Ten years later, the bureaucracy and costs continue to grow, and I fear the continued evolution of the system will not be for the better.    I thought it worth regurgitating the letter here, with a ‘future’ scenario added.  Food for thought.

CONVERSATION, 40 YEARS AGO

Patient  –  Doctor, I have a sore ass

Doctor – Well, drop your drawers, and let me have a look.  My goodness, that’s a dandy boil you have on your butt.  Let me get my trusty scalpel and I will lance it for you.  This will hurt a little.

Patient – Ouch!

Doctor – Wow, look at all that pus and goo.  Okay nurse you can bandage that up now.  Sir, you will have to sit on the other cheek for a few days, and if this doesn’t heal up in six months or so, you come back and see me.

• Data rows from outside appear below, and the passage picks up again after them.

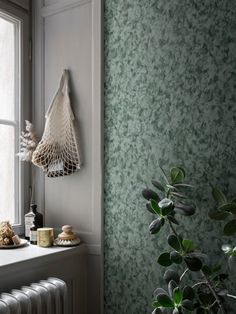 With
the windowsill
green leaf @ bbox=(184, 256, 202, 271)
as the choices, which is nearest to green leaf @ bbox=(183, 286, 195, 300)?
green leaf @ bbox=(184, 256, 202, 271)

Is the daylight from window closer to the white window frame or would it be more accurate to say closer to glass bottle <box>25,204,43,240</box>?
the white window frame

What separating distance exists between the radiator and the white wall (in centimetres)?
36

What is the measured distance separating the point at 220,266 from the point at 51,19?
1.87 meters

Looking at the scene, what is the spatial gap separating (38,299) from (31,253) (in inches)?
11.8

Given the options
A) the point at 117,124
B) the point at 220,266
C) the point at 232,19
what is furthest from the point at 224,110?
the point at 220,266

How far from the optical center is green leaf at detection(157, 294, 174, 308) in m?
1.85

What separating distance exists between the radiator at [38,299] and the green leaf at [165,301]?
546mm

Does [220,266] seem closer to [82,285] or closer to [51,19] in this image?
[82,285]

Patient – Gee, thanks, doc, what do I owe you?

Doctor – Oh, five bucks ought to cover it.

SAME INCIDENT NOW

Patient – Doctor, I have a sore ass

Doctor – Well, let’s make an appointment for a physical exam.  (2 weeks later) Well sir, it appears you have a ‘fulminating bacterial subcutaneous eruption’ (or some similar medical gobbledy-gook which will give the patient bragging rights to dominate the conversation at, say, 4 coffee breaks at his place of work).  We will take blood for about 7 different lab tests, and schedule you for an appointment to see the surgeon, probably in about 2 weeks.  Here is a prescription for about $200 worth of painkillers.

Surgeon (one month later) – We need to schedule you for an MRI, a cat scan, an ultrasound, and two x-rays, and I will see you in about 2 weeks

Surgeon  (another month later) – Tests confirm you have an FBSE, and we will have to do corrective surgery on that.  You are scheduled for surgery in 6 weeks.  (Six weeks later), boil is lanced under local anaesthetic, requiring the attendance of an anesthesiologist, two nurses, and a prescription for another $200 worth of painkillers.  Patient is advised to make an appointment to see your general practitioner to check up on this in a month.

Six months later, an army of bureaucrats complete the transfer of government money to the hospital, the pharmacies, the professionals, all at an administration cost of only about 50%.  Total final cost, Oh, about $200 000.

SAME INCIDENT, 10 YEARS FROM NOW

Patient – Doctor, I have a sore ass

Doctor – I see you are over the age of 75.  We might be able to do some triage, drop your drawers and I will have a look.  Oh, it looks like it is just a boil; perhaps your wife can lance it with a sterile kitchen knife.  Our system will not allow me to do surgery on those over 75, the only option I can offer you is our ‘Happy Transitions’ program for seniors.  If you choose that option, I suggest you go home and make sure your affairs are in order.  Come back whenever, you do not need an appointment for the nurse to administer the fatal injection.  Have a good day.

Total cost, about 5 bucks.  Full circle.